- **ASSIGNMENT**
Please restate the data below word for word, omitting all images.

- **DATA EXCERPT**
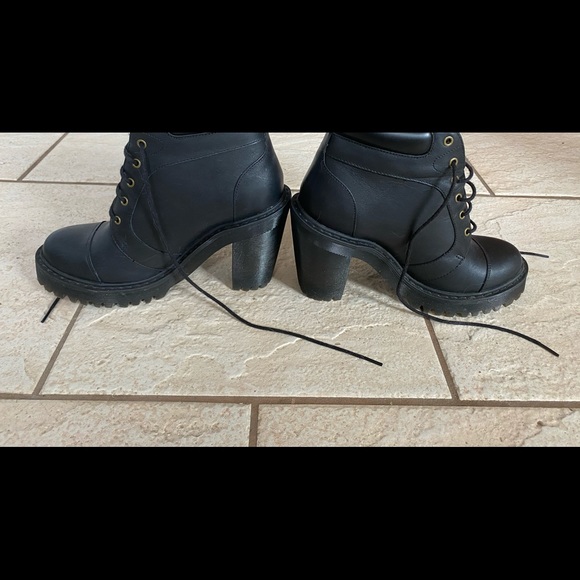 Dr. Martens Black Leather Ankle Boot *Worn Twice* - Picture 3 of 7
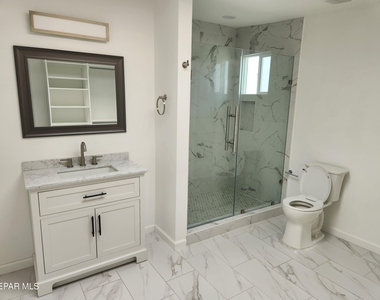 6728 Amposta Drive - Photo Thumbnail 17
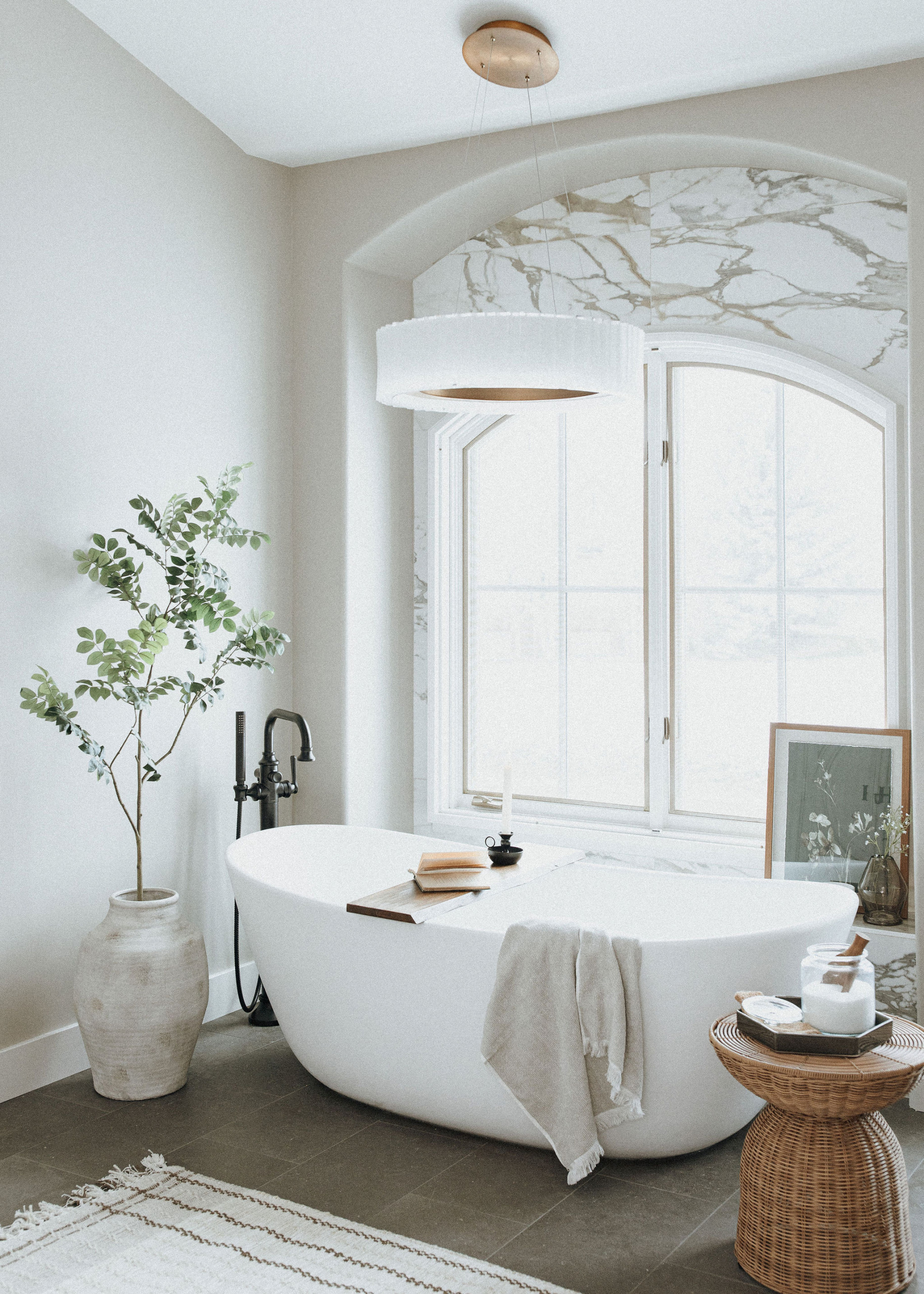 バスタブ バリ風 お風呂 ホワイト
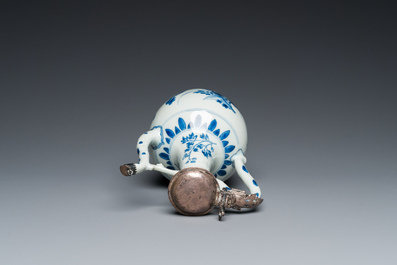 Verseuse en porcelaine de Chine en bleu et blanc &agrave; couvercle en argent, &eacute;poque Transition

- **SOLVED PROBLEM**
 Dr. Martens Black Leather Ankle Boot *Worn Twice* - Picture 3 of 7
 6728 Amposta Drive - Photo Thumbnail 17
 バスタブ バリ風 お風呂 ホワイト
 Verseuse en porcelaine de Chine en bleu et blanc &agrave; couvercle en argent, &eacute;poque Transition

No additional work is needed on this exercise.